Письмо девятнадцатое,

которое не надо читать. Оно написано Алей, когда она заболела, бумага для письма попалась линованная, а письмо самое лучшее во всей книге, но его не надо читать, поэтому оно перечеркнуто.

О чем можно писать на этой ученической бумаге?

Только не считай ошибок и не ставь баллов. Сжевала три аспирина, выпила удивительное количество разных горячих вещей, гуляла по квартире босиком в шубе, разговаривала с кем-то по телефону, ела селедку с картошкой, долго ничего не делала, а теперь пишу тебе.

К этой женщине, когда она тебе позвонила, ты прибежал рысцой. Кокет или гадость, или то и другое вместе!

Если бы ты был женщиной, то мой так называемый Вертхейм оказался бы мелочной лавочкой рядом с твоим предприятием. Но твоя любовная инерция меня немного пугает. Прямо жутко. Ты кричишь, раздражаешься на собственный голос и еще пуще кричишь. А ну как ты по инерции объяснишься в любви чему-нибудь совершенно неподходящему? Не злись только.

Сшей себе новый костюм, и чтобы было шесть рубашек — три в стирке, три у тебя, галстук я тебе подарю, чисти сапоги.

А со мной говори о книгах, я буду стоять на задних лапках совсем вертикально и слушаться.

Теперь буду спать. Неужели я заболею и завтра не смогу танцевать?

Такой хороший англичанин и танцор (два равноценных достоинства). Неужели заболею?

Такой холод. Мне нужны ботики или автомобиль.

Заложить душу дьяволу? Может быть, и не худо в закладе.

Вчера целый день думала о моей кормилице Стеше.

Я вот думаю и уезжаю в обратную сторону на трамвае, — потом плачу.

Я больше похожа на Стешу, чем на маму. Стеша белая и розовая, полная, хохотунья, совершенно незлобивая и любит мужской пол. Оттого не раз была кормилицей.

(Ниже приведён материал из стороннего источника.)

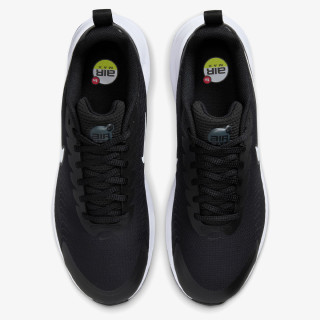 Nike Pantofi Sport Air Max Nuaxis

Каждый раз, как в Воспитательный идти, приходила к папе — денег нет.

Папа ее ругает, что она с того негодяя не взяла.

— Бог с ним, барин!

Меня она любит, как дочь родную. Двухмесячную кормила меня щами и как-то отравила, сама наевшись косточек от вишневого варенья, которое варили на даче. Когда я подросла, приходила ко мне с гостинцами, стояла и говорила «вы»; когда народ уходил, садилась со мной чай пить и говорила «ты». Когда я совсем большая выросла, стала я понимать ее веселый нрав. «У моей барыни подруга живет, не пойму я — ровно как монашки!» А сама хохочет и такая вся теплая, Стешей от нее пахнет, как в ее деревянном сундуке, когда она крышку поднимает: ситцем и яблоками. Нос кверху, глазки хитрые.

Кухарка считала, что ко мне ходит слишком много молодых людей, и думала, что за прикрытой дверью происходят безобразия. «Что ты, — говорит, — Стеша, ты вот, говорят, незаконного ребенка прижила, а разве они себя до этого доводят!»

Как-то служила она в очень богатом доме. В доме случилась кража.

Как всегда, Стеша к папе в слезах, что ее в участок волокут.

Папа ее спрашивает:

— А ты где была, когда кража случилась?

— В Ново-Девичьем монастыре, у монашки в гостях.

— Вот ты и скажи, тебя и отпустят.

— Что вы, барин, монашку в такое дело путать!

Так и не сказала ни за что, сидела в тюрьме сколько-то, потом воры нашлись, и ее выпустили.

Зато, когда после революции мама ее уговаривала идти голосовать, она сказала, что после этой истории с серебряными ложками ее в участок калачом не заманишь.

На мою свадьбу ей давно-давно было обещано шелковое платье.

Так она его и не получила…

Даже сон прошел, так я ее люблю, Стешу.

Целую, милый, только бы не разболеться.

Аля

За что я на тебя со Стешей обрушилась?